Chi va avanti come fa? Immagino anche attraverso mutui e accordi con i proprietari delle strutture…
«Certamente ci si accorda con i proprietari, anche perché una discoteca funziona per un certo tipo di attività, e non altri. Ci sono titolari che hanno sottoscritto ipoteche pesanti, chi si rivolge alle banche ma in questo settore oggi è difficile essere solvibili».
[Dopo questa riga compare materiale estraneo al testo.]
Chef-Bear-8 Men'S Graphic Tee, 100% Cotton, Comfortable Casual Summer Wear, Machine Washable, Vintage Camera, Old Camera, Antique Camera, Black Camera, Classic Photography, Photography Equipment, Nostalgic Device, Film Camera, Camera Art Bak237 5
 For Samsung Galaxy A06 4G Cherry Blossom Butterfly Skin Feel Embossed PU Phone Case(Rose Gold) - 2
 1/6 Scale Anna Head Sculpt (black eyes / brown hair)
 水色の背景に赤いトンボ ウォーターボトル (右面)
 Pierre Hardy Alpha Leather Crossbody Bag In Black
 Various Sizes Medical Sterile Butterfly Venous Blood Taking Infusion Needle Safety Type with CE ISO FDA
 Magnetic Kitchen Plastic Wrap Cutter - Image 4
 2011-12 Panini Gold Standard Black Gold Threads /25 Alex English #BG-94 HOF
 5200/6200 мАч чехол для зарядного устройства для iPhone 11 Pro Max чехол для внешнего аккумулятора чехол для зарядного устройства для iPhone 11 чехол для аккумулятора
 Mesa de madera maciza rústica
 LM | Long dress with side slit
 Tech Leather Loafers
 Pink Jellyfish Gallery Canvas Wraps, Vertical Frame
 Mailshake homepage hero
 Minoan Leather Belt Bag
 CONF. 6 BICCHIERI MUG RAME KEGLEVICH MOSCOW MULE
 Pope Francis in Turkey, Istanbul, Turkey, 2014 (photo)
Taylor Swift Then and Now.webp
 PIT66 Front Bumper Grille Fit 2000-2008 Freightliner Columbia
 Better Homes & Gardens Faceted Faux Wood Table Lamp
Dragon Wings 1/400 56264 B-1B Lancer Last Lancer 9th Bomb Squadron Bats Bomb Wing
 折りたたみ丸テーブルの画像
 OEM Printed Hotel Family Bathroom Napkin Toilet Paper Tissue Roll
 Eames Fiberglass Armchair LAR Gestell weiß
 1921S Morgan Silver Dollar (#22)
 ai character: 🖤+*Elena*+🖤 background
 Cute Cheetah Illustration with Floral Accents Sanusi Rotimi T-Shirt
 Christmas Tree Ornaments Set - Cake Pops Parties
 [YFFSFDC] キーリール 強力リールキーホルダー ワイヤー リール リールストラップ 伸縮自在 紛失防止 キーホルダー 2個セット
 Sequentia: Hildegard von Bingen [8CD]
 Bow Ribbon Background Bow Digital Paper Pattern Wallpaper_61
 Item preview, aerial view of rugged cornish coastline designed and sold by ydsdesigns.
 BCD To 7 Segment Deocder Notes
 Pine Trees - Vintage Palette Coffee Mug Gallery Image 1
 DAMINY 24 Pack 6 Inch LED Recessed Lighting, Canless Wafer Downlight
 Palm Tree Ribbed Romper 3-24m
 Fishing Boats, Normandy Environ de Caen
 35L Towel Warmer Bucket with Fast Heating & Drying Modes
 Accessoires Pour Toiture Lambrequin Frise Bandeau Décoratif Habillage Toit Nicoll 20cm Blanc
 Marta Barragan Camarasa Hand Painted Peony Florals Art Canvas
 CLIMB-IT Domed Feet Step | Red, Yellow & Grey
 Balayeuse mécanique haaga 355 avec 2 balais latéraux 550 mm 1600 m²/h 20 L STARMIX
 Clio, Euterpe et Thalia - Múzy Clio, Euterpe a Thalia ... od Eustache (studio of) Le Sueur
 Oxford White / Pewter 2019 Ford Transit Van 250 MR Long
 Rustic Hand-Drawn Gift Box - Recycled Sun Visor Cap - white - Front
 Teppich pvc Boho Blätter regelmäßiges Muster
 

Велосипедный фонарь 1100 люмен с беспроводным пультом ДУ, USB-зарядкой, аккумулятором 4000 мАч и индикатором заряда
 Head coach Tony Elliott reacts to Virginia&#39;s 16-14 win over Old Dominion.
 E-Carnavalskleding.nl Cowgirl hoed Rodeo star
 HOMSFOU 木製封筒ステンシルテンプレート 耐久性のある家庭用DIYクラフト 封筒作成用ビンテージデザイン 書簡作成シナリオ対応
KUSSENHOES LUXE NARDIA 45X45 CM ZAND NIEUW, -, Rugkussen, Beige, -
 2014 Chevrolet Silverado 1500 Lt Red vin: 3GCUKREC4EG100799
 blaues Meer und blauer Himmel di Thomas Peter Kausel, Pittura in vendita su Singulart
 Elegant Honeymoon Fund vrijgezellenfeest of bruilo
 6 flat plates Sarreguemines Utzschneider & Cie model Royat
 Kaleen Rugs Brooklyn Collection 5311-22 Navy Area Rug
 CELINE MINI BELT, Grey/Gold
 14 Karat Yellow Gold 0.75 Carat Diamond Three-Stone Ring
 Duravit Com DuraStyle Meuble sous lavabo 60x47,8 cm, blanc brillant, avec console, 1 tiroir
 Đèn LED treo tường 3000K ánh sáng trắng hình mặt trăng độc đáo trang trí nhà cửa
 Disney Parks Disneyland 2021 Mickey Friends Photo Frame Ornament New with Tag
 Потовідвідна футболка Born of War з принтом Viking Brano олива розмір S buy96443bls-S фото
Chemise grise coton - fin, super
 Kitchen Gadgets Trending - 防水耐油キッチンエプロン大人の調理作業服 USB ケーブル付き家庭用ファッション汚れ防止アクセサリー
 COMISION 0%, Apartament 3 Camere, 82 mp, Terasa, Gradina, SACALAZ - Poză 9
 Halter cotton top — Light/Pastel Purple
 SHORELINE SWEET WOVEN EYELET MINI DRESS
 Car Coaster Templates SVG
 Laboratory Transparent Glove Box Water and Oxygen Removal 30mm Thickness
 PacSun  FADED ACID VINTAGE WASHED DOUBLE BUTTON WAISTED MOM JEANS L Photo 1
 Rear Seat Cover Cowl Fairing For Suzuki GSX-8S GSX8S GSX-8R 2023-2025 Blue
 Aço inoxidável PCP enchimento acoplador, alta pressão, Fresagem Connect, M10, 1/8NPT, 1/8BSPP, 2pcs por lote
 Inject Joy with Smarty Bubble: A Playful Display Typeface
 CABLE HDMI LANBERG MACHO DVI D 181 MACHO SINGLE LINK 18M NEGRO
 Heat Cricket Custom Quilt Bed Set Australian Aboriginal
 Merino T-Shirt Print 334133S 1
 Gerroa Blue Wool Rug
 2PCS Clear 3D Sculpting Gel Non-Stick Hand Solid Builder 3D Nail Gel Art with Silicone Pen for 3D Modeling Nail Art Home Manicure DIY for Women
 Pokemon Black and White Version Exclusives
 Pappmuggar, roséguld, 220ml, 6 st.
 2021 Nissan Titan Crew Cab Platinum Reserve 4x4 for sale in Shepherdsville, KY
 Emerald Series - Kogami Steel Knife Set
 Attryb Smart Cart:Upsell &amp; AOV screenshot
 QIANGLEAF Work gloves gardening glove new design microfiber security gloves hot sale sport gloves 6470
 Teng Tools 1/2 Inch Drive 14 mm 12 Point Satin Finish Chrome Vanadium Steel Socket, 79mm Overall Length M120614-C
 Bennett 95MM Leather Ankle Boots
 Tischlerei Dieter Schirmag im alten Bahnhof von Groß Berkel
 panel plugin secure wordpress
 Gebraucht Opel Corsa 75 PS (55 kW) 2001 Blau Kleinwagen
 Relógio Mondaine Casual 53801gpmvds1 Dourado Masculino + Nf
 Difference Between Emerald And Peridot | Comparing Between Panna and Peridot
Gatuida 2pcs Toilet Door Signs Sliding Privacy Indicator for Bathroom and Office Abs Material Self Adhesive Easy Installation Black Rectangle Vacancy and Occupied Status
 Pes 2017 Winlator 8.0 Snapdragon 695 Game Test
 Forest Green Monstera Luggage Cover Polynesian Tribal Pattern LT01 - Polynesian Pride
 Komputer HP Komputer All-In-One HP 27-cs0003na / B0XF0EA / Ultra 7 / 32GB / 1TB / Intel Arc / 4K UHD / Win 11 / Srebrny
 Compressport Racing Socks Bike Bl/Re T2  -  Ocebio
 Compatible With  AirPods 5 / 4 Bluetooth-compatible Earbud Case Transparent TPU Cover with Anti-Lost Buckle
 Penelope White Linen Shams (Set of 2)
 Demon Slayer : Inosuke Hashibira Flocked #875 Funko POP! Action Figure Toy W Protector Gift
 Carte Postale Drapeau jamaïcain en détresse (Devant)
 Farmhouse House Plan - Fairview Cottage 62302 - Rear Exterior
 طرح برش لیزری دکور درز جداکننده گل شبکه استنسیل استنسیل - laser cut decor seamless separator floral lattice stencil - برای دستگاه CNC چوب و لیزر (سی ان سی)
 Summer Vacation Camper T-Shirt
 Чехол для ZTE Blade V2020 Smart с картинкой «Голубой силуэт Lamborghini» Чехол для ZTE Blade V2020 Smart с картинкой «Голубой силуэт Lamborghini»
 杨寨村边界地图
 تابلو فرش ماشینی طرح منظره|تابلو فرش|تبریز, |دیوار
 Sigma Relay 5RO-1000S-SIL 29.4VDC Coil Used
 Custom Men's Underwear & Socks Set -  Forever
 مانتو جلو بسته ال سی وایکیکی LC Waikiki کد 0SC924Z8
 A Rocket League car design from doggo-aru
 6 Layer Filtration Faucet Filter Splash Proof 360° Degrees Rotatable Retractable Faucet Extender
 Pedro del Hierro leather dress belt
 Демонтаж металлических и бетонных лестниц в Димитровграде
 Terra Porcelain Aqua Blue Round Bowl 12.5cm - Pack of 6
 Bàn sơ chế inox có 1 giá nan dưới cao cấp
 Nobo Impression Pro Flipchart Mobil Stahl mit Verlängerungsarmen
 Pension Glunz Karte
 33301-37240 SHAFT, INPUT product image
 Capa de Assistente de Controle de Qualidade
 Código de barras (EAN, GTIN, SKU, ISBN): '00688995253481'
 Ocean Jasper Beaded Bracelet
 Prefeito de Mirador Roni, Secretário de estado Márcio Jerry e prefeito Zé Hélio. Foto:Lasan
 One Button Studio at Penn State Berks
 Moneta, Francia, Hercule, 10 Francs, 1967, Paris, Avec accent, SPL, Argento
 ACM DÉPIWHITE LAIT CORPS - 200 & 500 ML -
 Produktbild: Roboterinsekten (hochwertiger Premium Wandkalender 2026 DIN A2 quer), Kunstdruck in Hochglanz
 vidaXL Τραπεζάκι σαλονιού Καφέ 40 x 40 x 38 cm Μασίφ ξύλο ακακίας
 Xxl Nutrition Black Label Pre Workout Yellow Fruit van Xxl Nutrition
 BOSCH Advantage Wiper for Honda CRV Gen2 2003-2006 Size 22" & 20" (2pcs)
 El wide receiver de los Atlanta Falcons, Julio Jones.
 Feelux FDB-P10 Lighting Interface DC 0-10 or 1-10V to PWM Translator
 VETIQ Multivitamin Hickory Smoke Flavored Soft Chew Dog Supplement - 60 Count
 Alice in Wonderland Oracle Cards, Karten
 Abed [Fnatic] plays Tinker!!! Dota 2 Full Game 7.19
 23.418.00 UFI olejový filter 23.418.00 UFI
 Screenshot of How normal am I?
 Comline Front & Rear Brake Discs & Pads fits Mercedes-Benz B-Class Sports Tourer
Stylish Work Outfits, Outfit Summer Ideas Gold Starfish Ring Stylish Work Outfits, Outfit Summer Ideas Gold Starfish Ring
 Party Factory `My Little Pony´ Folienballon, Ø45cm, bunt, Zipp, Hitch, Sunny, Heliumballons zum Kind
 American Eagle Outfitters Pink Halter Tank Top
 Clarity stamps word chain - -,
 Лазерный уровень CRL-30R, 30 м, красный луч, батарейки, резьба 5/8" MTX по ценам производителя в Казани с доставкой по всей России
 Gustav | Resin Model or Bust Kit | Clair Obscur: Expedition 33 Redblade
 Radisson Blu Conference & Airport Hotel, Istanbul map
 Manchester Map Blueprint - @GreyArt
I ristori a quanto ammontano?
«Non sono ma stati ingenti e per il decreto Festività subito si era parlato di 10mila euro, ma probabilmente saranno meno, intorno ai 6mila. Si tenga conto che, perdendo il periodo del Capodanno, un locale si gioca un quarto del fatturato annuale. In due anni ci sono realtà che hanno messo insieme un ammanco da centinaia di migliaia di euro. In altri Paesi europei i ristori sono maggiori e i locali hanno già aperto».
Come mai questa differenza?
«In Italia manca il coraggio. Non parlo solo della politica, perché la paura sta attanagliando troppo i cittadini. Vale anche per i negozi, che pure restano aperti, ma gli introiti sconfortanti ci dicono che la gente non investe sul domani, ha paura».
Voi cosa proporreste al Governo?
«Di proposte ne abbiamo fatte a più riprese. Siamo sempre stati più che disponibili ad adeguarci alle necessarie misure di sicurezza. Il fatto è che nei tavoli della concertazione non veniamo convocati. C’è proprio scarsa conoscenza del nostro settore nelle sedi decisionali e noi saremmo in grado di dare consigli utili a tutti. Probabilmente anche al Governo».